When Regan first brought Operation Song to MTSU in 2016, he reached out to his friend and fellow songwriter Odie Blackmon, who is a Grammy-nominated songwriter and an MTSU commercial songwriting professor.

“(Regan) said that he had this program going on and was wondering if I would like to include my students,” Blackmon said. “I said, ‘Hell yes, Bob. I would like to include my students.’ It gives them the chance to work with a hit songwriter and teaches them to get outside of themselves, get inside someone else’s head and to hear their story.”

During the one-day MTSU retreat, which was sponsored by Operation Song, the Nashville Songwriters Hall of Fame and the MTSU Charlie and Hazel Daniels Veterans and Military Family Center, students from Blackmon’s songwriting practicum course were paired with a professional songwriter from Nashville and a student veteran. The students were then tasked to assist in the creation of a unique song based on the experiences of the veterans. At the end of the day, the groups performed the new songs for an audience.

One of the retreat’s trios included Rob Crosby, who has written eight singles that have been on the U.S. Billboard Hot Country Singles & Tracks chart, Trey Smith, a student veteran and president of the MTSU chapter of Student Veterans of America, and Matthew Holley, a junior songwriting student at MTSU.

“We were specifically trying to write a song about Trey’s life experience and military experience,” Crosby said. “We used a whole lot of his words, verbatim, as we wove the lyrics together. So, it’s kind of like Trey’s song today.”

Smith is a third-generation military veteran. Smith’s dad and both of his grandfathers were in the military, and he felt compelled to follow in their footsteps.

“It’s one of those things,” Smith said. “I felt like I could live up to their (service) and make them proud and take care of the people that I love.”

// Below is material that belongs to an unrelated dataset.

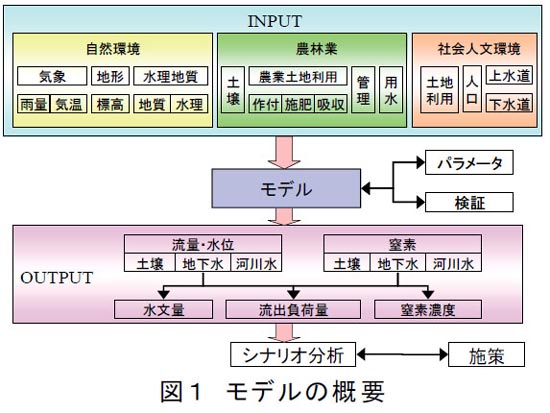 図1 モデルの概要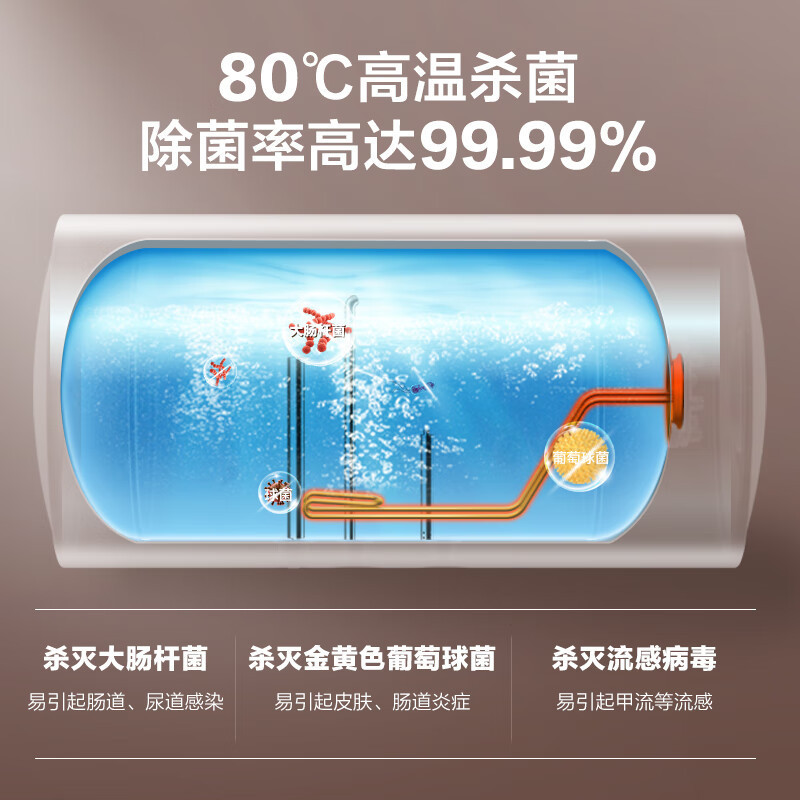 美的(Midea)储水式速热电热水器家用80升3300W 长效免换镁棒 珐琅无缝内胆一级能效智能省电F8032-JE3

Smith joined the United States Marine Corps in 2006 and served for four years until 2010, when injuries made it impossible to continue serving.

“(Operation Song) is very emotional for me,” Smith said. “Not just for my immediate family, but for the family that you have when you join the military. Talking about those experiences is very emotional but very worthwhile.”

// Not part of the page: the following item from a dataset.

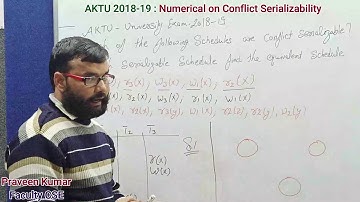Numerical on Conflict serializability. university solved question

The song, titled “Boots,” focuses on Smith’s military relationships and the relationship Smith had with his father and grandfather. Smith stated that, after he served in the military, he created a new bond with his father. Many of the song’s lyrics play off the idea that, as he followed his dad and grandfather into the service, he was figuratively walking in their boots.

“My dad wasn’t mean, but he was hard,” Smith said. “He was a good man. I want to live up to that. I’m named after him and my granddaddy. I want to live up to that, and one way to think about that is to walk in their boots.”

Crosby stated that, upon hearing the experiences that Smith shared, it was simple to create a meaningful piece of music.

“It moved me to hear Trey describe his relationship with his dad and some of the relationships he had in the service, friends that were wounded and friends that he lost,” Crosby said. “We tried to take his emotions and weave them into the song. So, it wasn’t just words and rhyme but had some real substance to it.”

The trio agreed that Operation Song allowed them all to creatively and emotionally thrive.

“It’s been very educational and humbling to be a part of Operation Song, as well as being able to tell a story that means something,” Holley said.

“I think for veterans, it’s a vehicle to help them cope with certain problems they may have,” Smith said. “A lot of us are like, ‘Let’s blow it up.’ We don’t cope well. But this is one way to help work those emotions and not to drown them.”

Retired Lt. Gen. Keith Huber, who is now the MTSU senior adviser for veterans and leadership initiatives, was in one of the songwriting trios at the retreat.

“I think it’s an incredible magic to draw together people to tell a story,” Huber said. “Whether they are good or bad, (veterans) are hesitant to talk about (their experiences) because they don’t know if there is a commonality of context. (Operation Song) gives them an opportunity to talk about their experiences in a non-threatening, non-critical environment and to see a song come from that. To see them be absorbed and connected to the music is really a great experience.”